Bronze is used to cast bells, and in the olden days, artillery pieces were made of special gun bronze.
Molten bronze fills complex shapes better than copper and steel. It has less shrinkage and does not form voids during cooling. Therefore, it is beloved by masters of artistic casting.
When and why the Bronze Age?
It took the place of the Copper Age and, in some places, bronze came directly from the Stone Age. In different places, the Bronze Age came at different times and varied in length. The oldest bronze articles are 6000 years old and have been found in Iran and Iraq.
Most likely, ancient metallurgists accidentally discovered ore containing tin besides copper. Smelting it, they unexpectedly got a new material and quickly came to appreciate its advantages.
Copper is soft and goods made of it quickly lose their sharp edges and become deformed. Bronze tools, weapons, utensils, and jewelry served better, more reliably, and longer.
Do they make bronze money now?
There are over three dozen countries that make bronze coins. These include Mexico, Singapore, Ukraine, Iran, Tanzania, Uruguay, and New Zealand. Some countries do bronze-only coating of coins or their outer ring (Canada, South Africa, Jordan, Venezuela, and others).
Bronze is a “mint” material: hard, rather light, and inexpensive. The latter makes it especially favorable for the state: its production costs are insignificant. Bronze does not need to be exported abroad, as it is neither gold nor silver. To cut weight and production costs, the coins are usually minted from aluminum bronze.

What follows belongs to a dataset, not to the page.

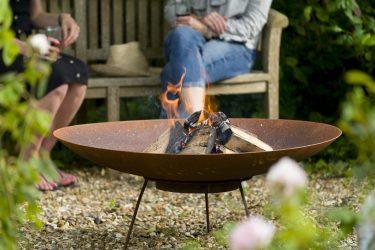 Autumnal Fire Pit Recipes & How to Cook Outdoors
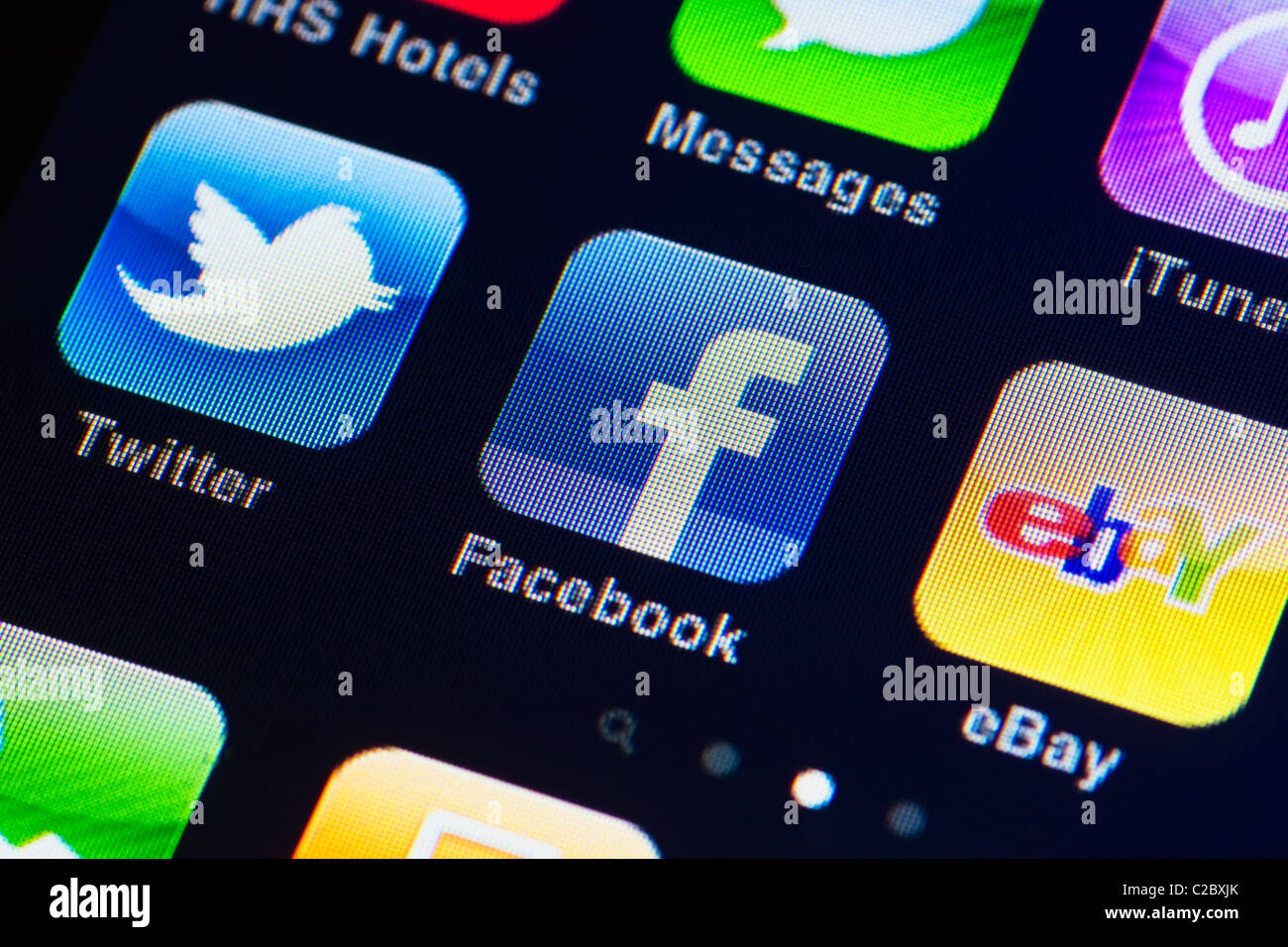 Detailbild des Iphone Touchscreens Makro. Display zeigt apps von Facebook, twitter, Ebay, Itunes und Nachrichten Stockfoto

Besides it is more durable, corrosion-resistant, and golden yellow.
What do you use to clean bronze pieces in the home?
You can restore the shine and brightness of bronze doorknobs, candlesticks, etc. by cleaning them with a pulp of lemon juice and baking soda or a “dough” of chicory powder mixed with water.
If the item is small or disassembled into parts, you can boil it with yellow peas for a few hours.
But experts advise simply wiping the bronze with a flannel flap with no “chemicals”. A clear darkish film on the surface of the metal will remain, but it is this that gives it the charm of antiquity.